— REQUIRED WORK —
A faithful copy without images is required: write out all the records exactly.

(Items from a data source)
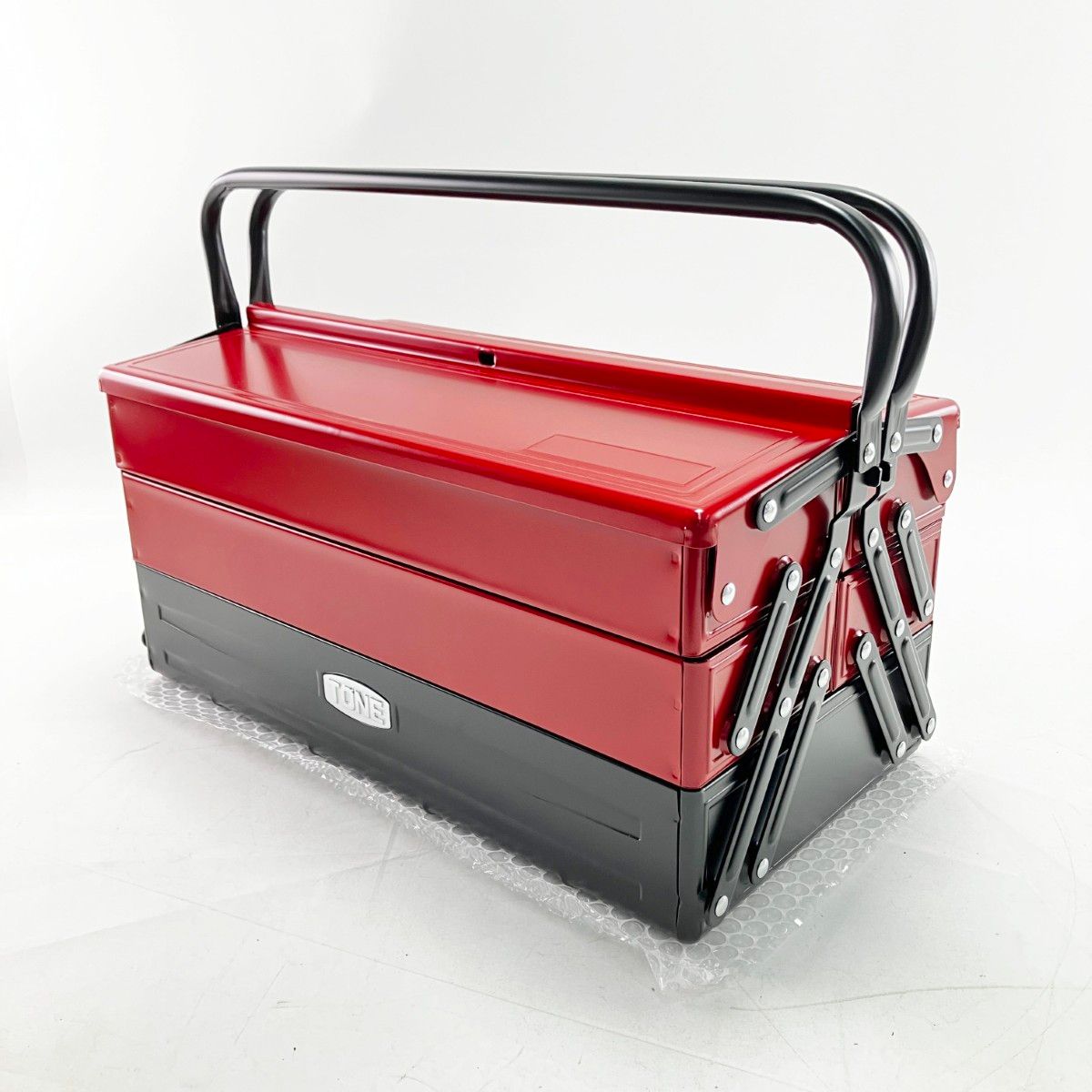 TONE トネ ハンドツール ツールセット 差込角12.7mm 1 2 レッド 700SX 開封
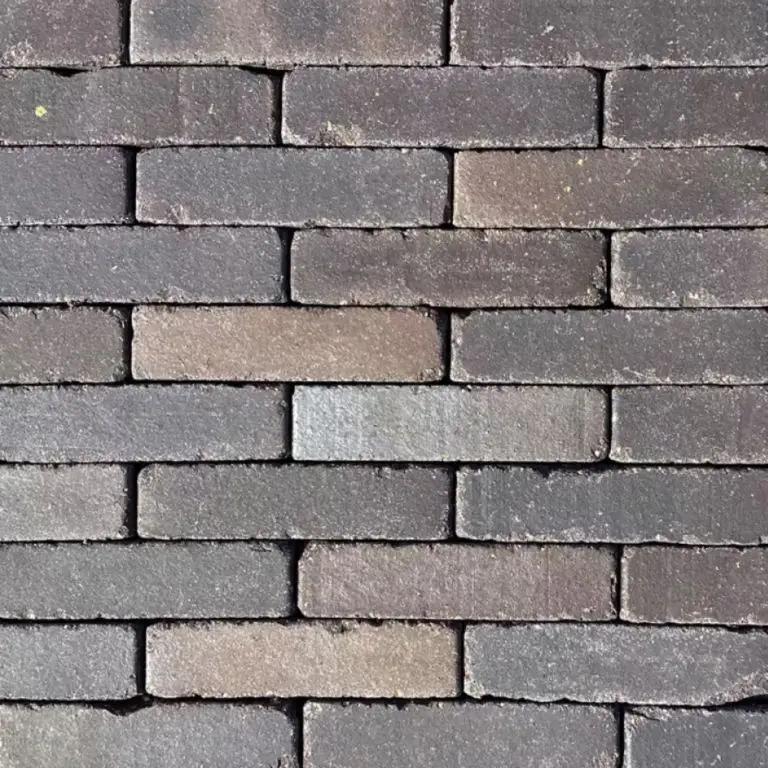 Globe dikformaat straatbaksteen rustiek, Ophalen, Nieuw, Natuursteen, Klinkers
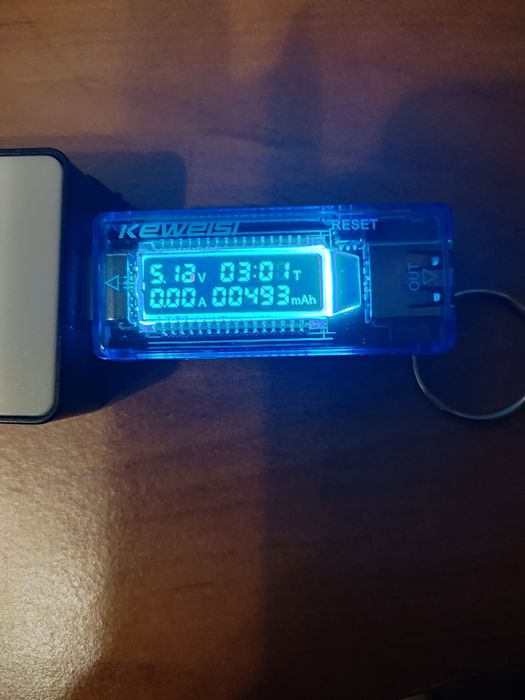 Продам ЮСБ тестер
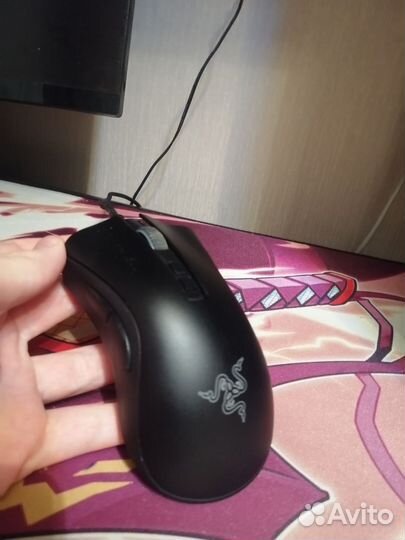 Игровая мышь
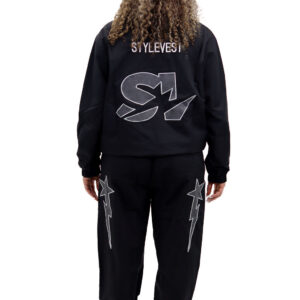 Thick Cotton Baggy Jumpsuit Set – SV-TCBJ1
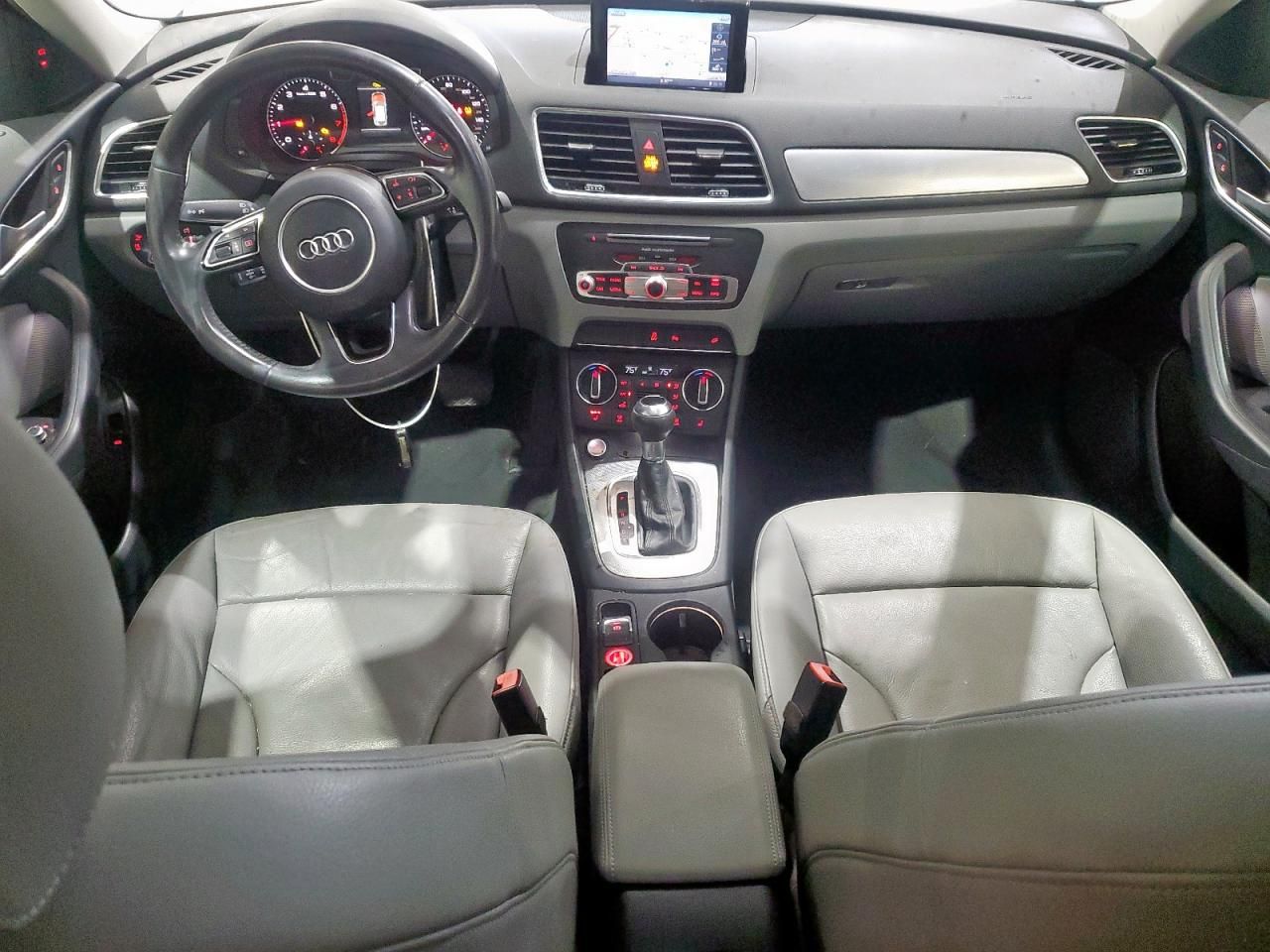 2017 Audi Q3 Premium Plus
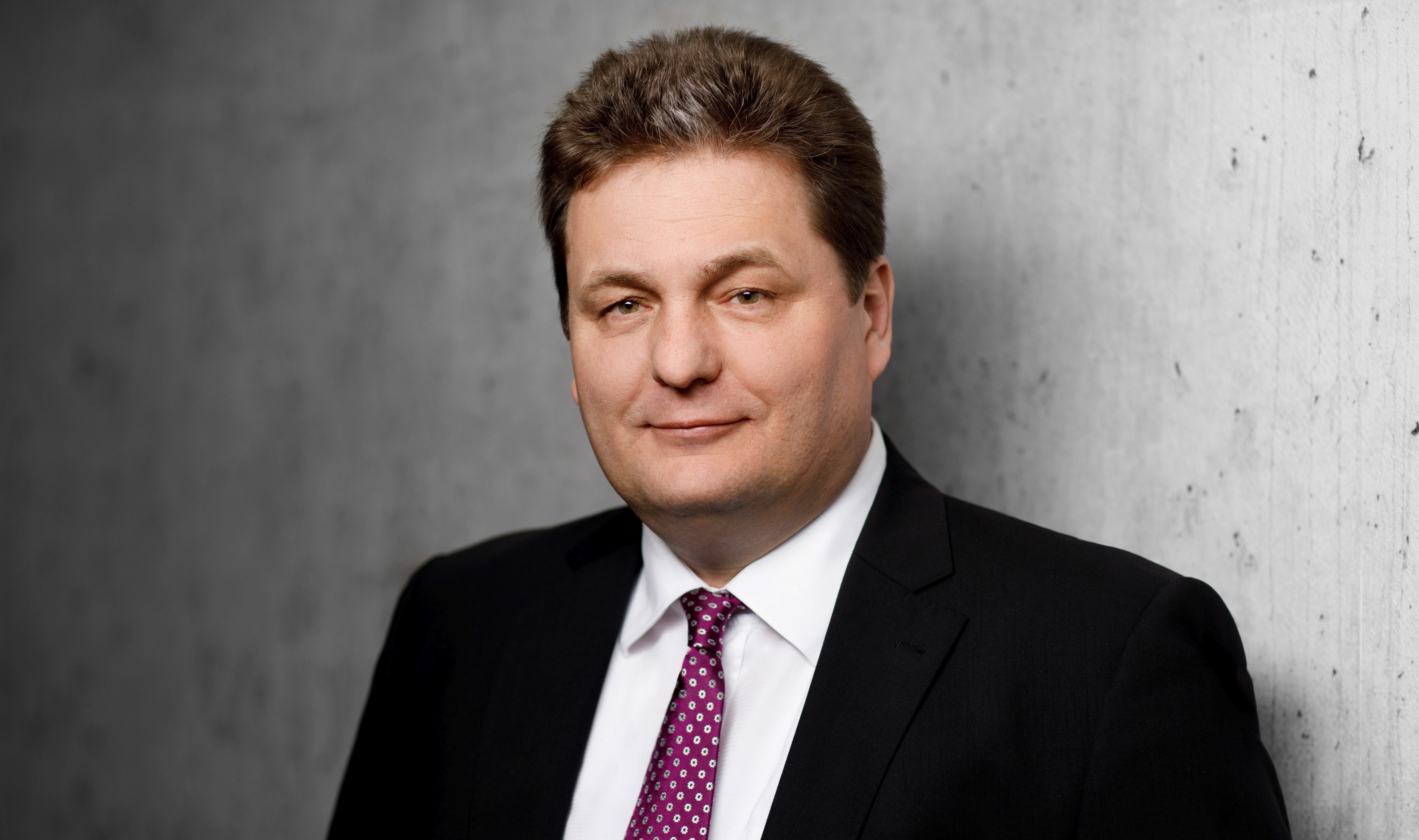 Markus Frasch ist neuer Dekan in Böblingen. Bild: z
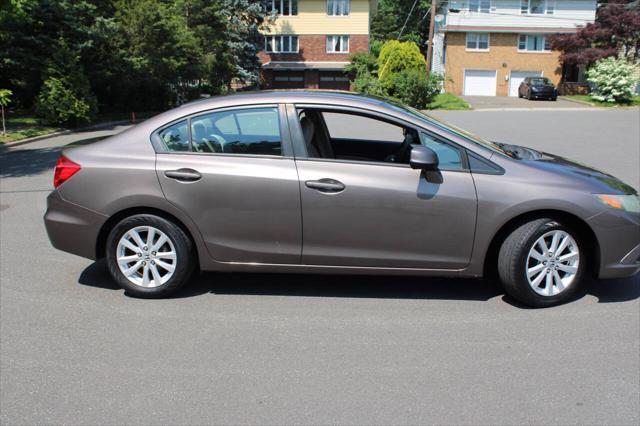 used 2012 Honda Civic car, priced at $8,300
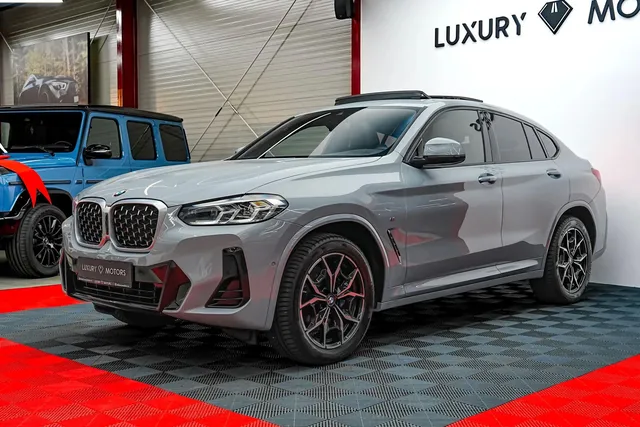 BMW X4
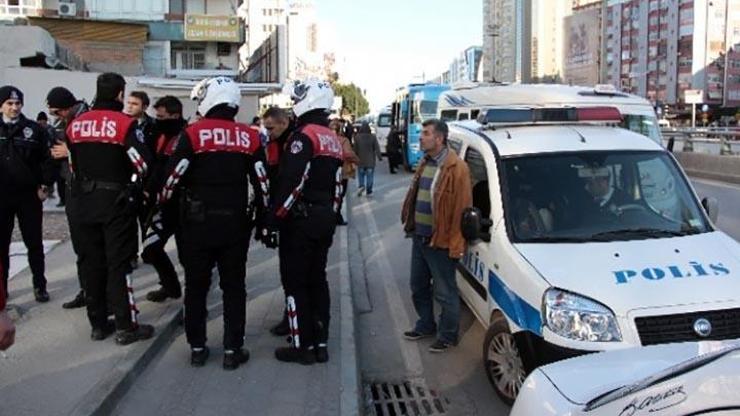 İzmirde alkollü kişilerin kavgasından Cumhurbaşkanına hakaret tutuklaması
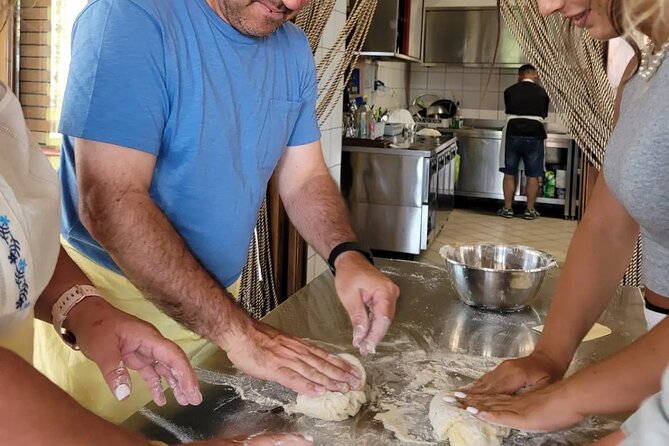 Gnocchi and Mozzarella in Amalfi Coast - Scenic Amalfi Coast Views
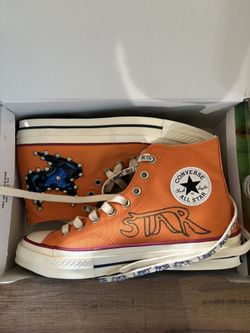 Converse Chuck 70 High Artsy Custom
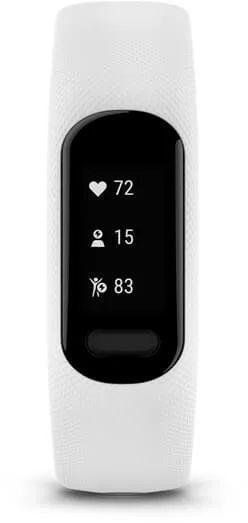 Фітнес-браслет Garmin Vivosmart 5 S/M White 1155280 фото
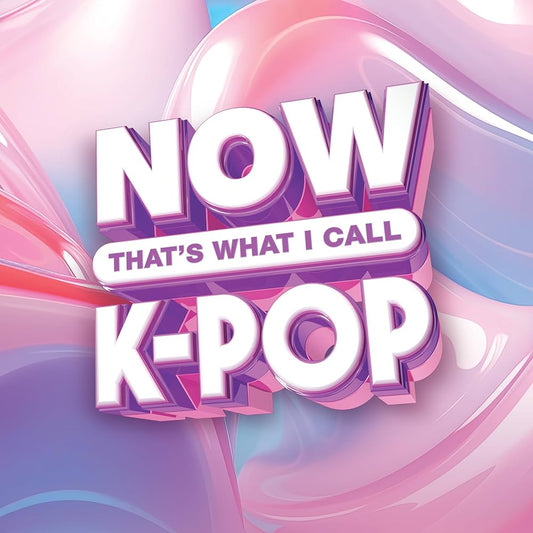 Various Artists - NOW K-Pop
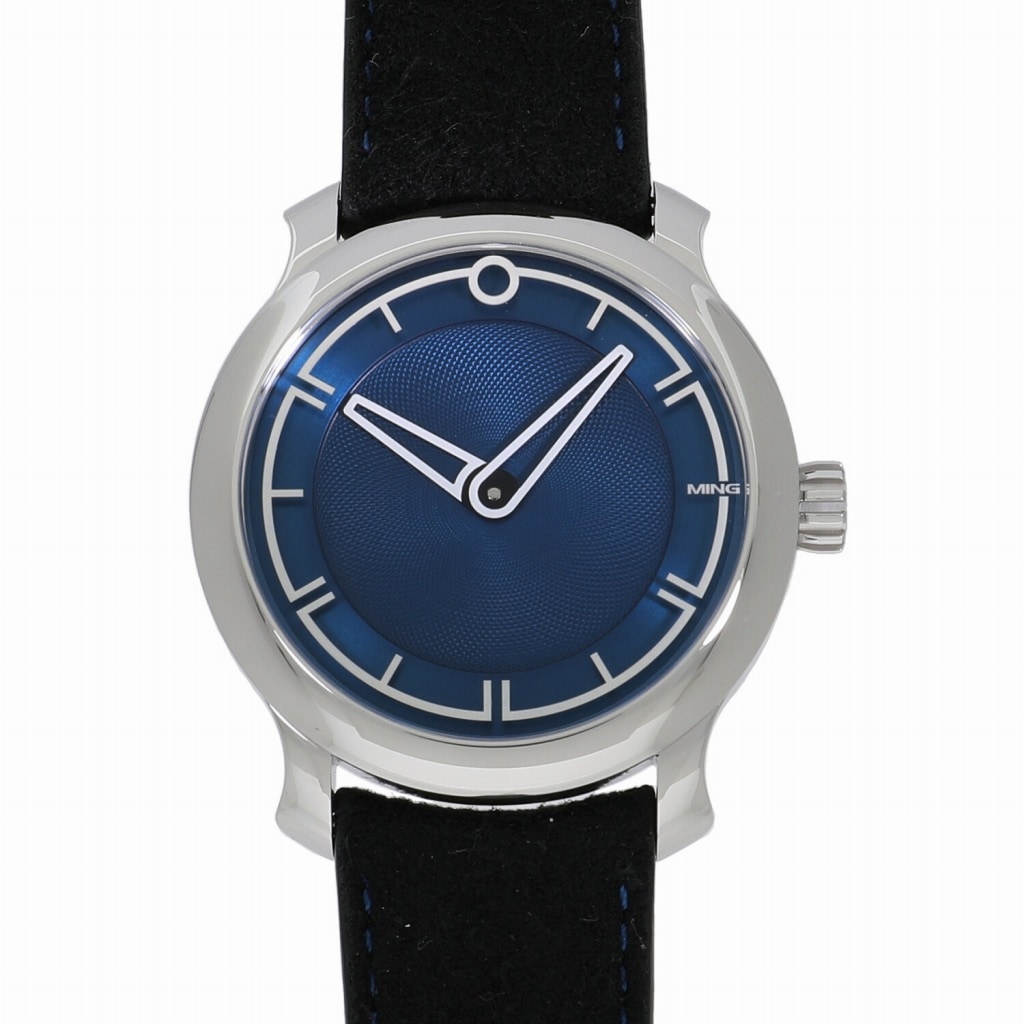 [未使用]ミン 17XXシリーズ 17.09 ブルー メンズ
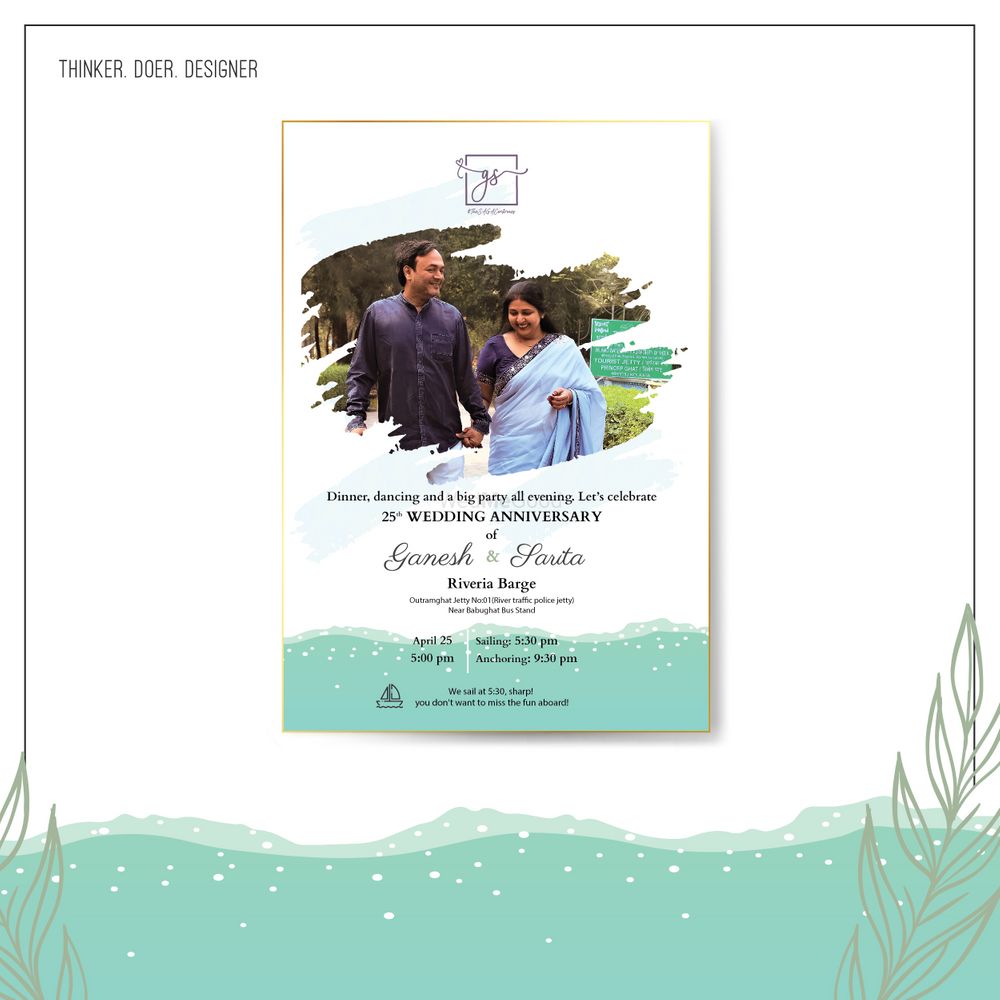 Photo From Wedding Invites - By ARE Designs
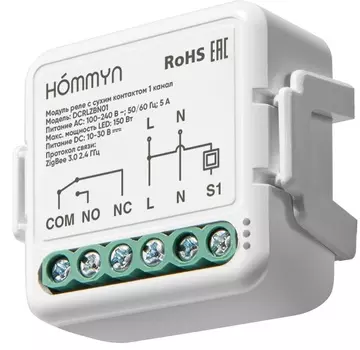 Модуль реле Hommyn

— COMPLETED EXERCISE —
 TONE トネ ハンドツール ツールセット 差込角12.7mm 1 2 レッド 700SX 開封
 Globe dikformaat straatbaksteen rustiek, Ophalen, Nieuw, Natuursteen, Klinkers
 Продам ЮСБ тестер
 Игровая мышь
 Thick Cotton Baggy Jumpsuit Set – SV-TCBJ1
 2017 Audi Q3 Premium Plus
 Markus Frasch ist neuer Dekan in Böblingen. Bild: z
 used 2012 Honda Civic car, priced at $8,300
 BMW X4
 İzmirde alkollü kişilerin kavgasından Cumhurbaşkanına hakaret tutuklaması
 Gnocchi and Mozzarella in Amalfi Coast - Scenic Amalfi Coast Views
 Converse Chuck 70 High Artsy Custom
 Фітнес-браслет Garmin Vivosmart 5 S/M White 1155280 фото
 Various Artists - NOW K-Pop
 [未使用]ミン 17XXシリーズ 17.09 ブルー メンズ
 Photo From Wedding Invites - By ARE Designs
 Модуль реле Hommyn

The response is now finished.